Which means this is the perfect time and space to think about what we do if the worst ever does come to pass.

Here's the crazy thing about Flickr, though: For all the mistakes that we made along the way we got enough right that, for all intents and purposes, no one ever felt the need to backup their photos. We enjoyed a crazy amount of trust from our users in part because we took the responsibility of that trust seriously.

So, no one ever thought to backup anything on Flickr. At least until now.

This has led to a lot of teeth-gnashing and finger-pointing and accusations that Flickr is holding people's photos hostage and why doesn't Flickr have one-button export functionality and so on.

My friend and former Flickr colleague Kellan Elliott-McCrea wrote a blog post about this subject last year and in it he talks about the idea of "minimum competence" for social software. In Flickr's case that: "you can get out, via the API, every single piece of information you put into the system."

Which is great if you are comfortable working with APIs. But what if you're not?

We very deliberately chose not to create a Flickr-blessed backup application because we hoped it was an opportunity independent developers would seize. In retrospect, maybe we made the wrong decision.

But back to today. Which means spending a little more time in the past.

In 2005 I started writing a tool to backup my photos and all their metadata. I did not do this because I was worried about the safety of my photos. I did it as much as an intellectual exercise, and a way to become intimate with the Flickr API and to remind myself of the adage that "lots of copies keep things safe".

Being 2005 I tried to do the right thing and adopt all the best practices around XML, the Semantic Web and static, linkable resources. I open sourced all of my code. This is an example of one of the metadata files.

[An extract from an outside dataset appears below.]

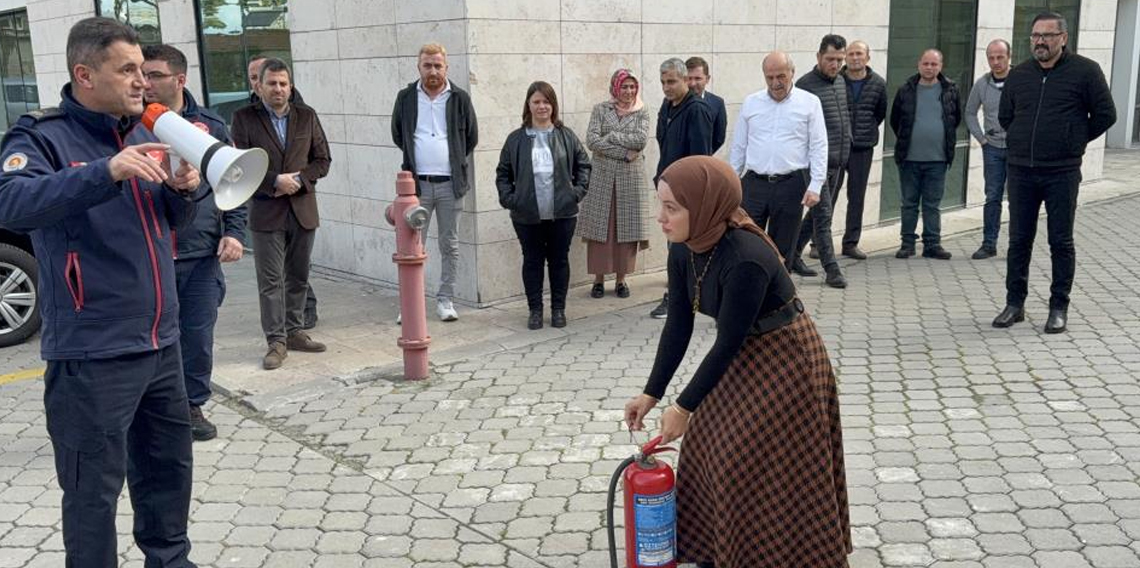 Samsun Adliyesi’nde yangın söndürme tatbikatı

In hindsight this approach had a fatal flaw.

It is incomprehensible gibberish.

Worse, it's hard to do anything with. Not only are the data models overly-complex but all the stricter-than-strict, standards-compliant tools that grew up around them are hard to use.

This is a really important point, especially if we're going to talk about personal archiving.

If I can't stand to look at this stuff seven years later then what hope is there that someone who does not live and breathe the technical details will?

Which brings us to parallel-flickr. Almost.

Fast forward to 2010 and you will find a bunch of ex-Flickr engineers slowly rewriting most of the core libraries and code that we used to build Flickr itself.

The goal was not to rebuild Flickr, the site, but simply to have a set of familiar tool to be able to continue writing web applications in a manner we'd all grown to love.

Around the same time I was trying to figure out what to do about my dusty archive of Flickr photos. I asked myself the question that I asked earlier: If Flickr were to disappear tomorrow what would I do?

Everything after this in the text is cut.